▶ **What this task involves**: Starting with the opening line of the material, restate every line word for word, and end on the line containing "ヒメ日記 2025/11/29 23:20".

▶ **Information supplied**:
+++

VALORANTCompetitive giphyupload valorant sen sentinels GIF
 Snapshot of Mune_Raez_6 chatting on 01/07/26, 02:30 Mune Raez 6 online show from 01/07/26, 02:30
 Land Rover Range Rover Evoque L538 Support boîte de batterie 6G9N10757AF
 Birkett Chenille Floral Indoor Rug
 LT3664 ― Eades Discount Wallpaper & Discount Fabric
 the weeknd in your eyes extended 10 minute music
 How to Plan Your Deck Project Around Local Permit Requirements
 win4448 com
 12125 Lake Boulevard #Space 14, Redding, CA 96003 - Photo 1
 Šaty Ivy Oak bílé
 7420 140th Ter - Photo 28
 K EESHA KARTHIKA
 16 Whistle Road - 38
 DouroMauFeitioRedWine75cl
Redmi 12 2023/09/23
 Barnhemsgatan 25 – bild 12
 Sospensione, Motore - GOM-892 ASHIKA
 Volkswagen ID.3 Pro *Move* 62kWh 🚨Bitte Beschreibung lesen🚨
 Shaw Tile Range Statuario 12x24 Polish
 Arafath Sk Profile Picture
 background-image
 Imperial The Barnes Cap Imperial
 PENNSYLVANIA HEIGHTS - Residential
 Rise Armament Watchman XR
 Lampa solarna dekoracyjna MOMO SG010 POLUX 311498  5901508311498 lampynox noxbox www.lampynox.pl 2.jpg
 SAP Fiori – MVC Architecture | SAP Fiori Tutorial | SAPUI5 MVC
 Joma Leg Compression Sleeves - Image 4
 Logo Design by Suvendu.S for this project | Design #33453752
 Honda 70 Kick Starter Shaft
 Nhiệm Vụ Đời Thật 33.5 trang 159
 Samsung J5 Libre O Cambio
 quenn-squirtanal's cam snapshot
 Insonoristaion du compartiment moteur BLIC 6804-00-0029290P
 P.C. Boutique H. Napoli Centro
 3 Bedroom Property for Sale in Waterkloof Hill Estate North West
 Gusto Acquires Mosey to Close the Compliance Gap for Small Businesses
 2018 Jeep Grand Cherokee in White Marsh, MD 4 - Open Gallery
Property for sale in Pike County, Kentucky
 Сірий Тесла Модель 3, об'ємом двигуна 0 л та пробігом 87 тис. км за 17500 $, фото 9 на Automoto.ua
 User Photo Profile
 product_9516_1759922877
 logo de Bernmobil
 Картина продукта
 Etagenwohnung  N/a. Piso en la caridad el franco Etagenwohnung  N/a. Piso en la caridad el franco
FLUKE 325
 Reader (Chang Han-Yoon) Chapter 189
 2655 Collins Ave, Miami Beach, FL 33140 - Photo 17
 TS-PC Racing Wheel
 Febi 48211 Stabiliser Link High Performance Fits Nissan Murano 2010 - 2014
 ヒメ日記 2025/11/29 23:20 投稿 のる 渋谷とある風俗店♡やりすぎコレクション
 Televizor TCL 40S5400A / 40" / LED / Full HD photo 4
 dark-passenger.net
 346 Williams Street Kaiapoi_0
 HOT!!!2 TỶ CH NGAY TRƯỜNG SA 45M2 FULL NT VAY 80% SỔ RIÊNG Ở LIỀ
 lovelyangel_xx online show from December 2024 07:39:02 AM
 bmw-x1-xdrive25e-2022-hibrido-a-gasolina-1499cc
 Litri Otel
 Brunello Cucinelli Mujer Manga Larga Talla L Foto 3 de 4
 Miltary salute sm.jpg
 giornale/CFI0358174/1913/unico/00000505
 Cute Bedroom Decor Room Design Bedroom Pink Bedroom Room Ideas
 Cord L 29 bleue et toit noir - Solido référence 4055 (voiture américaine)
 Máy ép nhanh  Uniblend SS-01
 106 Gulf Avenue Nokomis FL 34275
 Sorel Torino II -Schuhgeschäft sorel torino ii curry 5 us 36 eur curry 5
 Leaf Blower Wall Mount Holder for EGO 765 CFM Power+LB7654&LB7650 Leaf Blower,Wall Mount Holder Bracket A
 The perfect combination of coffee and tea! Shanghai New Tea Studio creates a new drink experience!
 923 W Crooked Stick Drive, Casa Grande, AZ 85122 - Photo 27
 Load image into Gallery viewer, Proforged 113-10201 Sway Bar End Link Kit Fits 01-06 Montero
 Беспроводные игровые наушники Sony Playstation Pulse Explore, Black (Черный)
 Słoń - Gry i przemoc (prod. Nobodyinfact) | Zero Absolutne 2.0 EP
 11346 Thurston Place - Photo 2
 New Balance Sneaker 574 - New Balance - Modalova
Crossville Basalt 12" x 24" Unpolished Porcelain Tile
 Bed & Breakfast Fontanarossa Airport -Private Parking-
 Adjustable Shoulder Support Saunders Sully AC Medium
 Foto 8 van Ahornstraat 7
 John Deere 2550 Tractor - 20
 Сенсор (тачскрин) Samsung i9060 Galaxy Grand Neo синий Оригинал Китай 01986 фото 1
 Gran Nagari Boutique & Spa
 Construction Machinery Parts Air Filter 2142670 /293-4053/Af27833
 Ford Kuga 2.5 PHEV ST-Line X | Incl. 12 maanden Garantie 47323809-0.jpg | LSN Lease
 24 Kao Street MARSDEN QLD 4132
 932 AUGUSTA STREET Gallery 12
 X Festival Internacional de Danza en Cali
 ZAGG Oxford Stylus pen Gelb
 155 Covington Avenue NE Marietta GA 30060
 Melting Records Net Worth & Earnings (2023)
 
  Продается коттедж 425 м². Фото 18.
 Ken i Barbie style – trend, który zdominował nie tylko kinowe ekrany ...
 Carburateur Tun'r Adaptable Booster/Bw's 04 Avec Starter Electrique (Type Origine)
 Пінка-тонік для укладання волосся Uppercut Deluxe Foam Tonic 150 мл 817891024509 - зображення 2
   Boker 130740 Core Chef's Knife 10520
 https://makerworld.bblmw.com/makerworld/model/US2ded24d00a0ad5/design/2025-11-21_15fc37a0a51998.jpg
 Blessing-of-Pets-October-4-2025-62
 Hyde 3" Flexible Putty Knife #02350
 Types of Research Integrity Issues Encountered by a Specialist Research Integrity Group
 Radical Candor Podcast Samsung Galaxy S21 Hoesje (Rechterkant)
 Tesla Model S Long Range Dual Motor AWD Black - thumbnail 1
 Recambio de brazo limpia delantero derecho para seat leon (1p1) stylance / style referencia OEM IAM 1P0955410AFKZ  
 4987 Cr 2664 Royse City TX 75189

+++

▶ **Solution below**:
VALORANTCompetitive giphyupload valorant sen sentinels GIF
 Snapshot of Mune_Raez_6 chatting on 01/07/26, 02:30 Mune Raez 6 online show from 01/07/26, 02:30
 Land Rover Range Rover Evoque L538 Support boîte de batterie 6G9N10757AF
 Birkett Chenille Floral Indoor Rug
 LT3664 ― Eades Discount Wallpaper & Discount Fabric
 the weeknd in your eyes extended 10 minute music
 How to Plan Your Deck Project Around Local Permit Requirements
 win4448 com
 12125 Lake Boulevard #Space 14, Redding, CA 96003 - Photo 1
 Šaty Ivy Oak bílé
 7420 140th Ter - Photo 28
 K EESHA KARTHIKA
 16 Whistle Road - 38
 DouroMauFeitioRedWine75cl
Redmi 12 2023/09/23
 Barnhemsgatan 25 – bild 12
 Sospensione, Motore - GOM-892 ASHIKA
 Volkswagen ID.3 Pro *Move* 62kWh 🚨Bitte Beschreibung lesen🚨
 Shaw Tile Range Statuario 12x24 Polish
 Arafath Sk Profile Picture
 background-image
 Imperial The Barnes Cap Imperial
 PENNSYLVANIA HEIGHTS - Residential
 Rise Armament Watchman XR
 Lampa solarna dekoracyjna MOMO SG010 POLUX 311498  5901508311498 lampynox noxbox www.lampynox.pl 2.jpg
 SAP Fiori – MVC Architecture | SAP Fiori Tutorial | SAPUI5 MVC
 Joma Leg Compression Sleeves - Image 4
 Logo Design by Suvendu.S for this project | Design #33453752
 Honda 70 Kick Starter Shaft
 Nhiệm Vụ Đời Thật 33.5 trang 159
 Samsung J5 Libre O Cambio
 quenn-squirtanal's cam snapshot
 Insonoristaion du compartiment moteur BLIC 6804-00-0029290P
 P.C. Boutique H. Napoli Centro
 3 Bedroom Property for Sale in Waterkloof Hill Estate North West
 Gusto Acquires Mosey to Close the Compliance Gap for Small Businesses
 2018 Jeep Grand Cherokee in White Marsh, MD 4 - Open Gallery
Property for sale in Pike County, Kentucky
 Сірий Тесла Модель 3, об'ємом двигуна 0 л та пробігом 87 тис. км за 17500 $, фото 9 на Automoto.ua
 User Photo Profile
 product_9516_1759922877
 logo de Bernmobil
 Картина продукта
 Etagenwohnung  N/a. Piso en la caridad el franco Etagenwohnung  N/a. Piso en la caridad el franco
FLUKE 325
 Reader (Chang Han-Yoon) Chapter 189
 2655 Collins Ave, Miami Beach, FL 33140 - Photo 17
 TS-PC Racing Wheel
 Febi 48211 Stabiliser Link High Performance Fits Nissan Murano 2010 - 2014
 ヒメ日記 2025/11/29 23:20 投稿 のる 渋谷とある風俗店♡やりすぎコレクション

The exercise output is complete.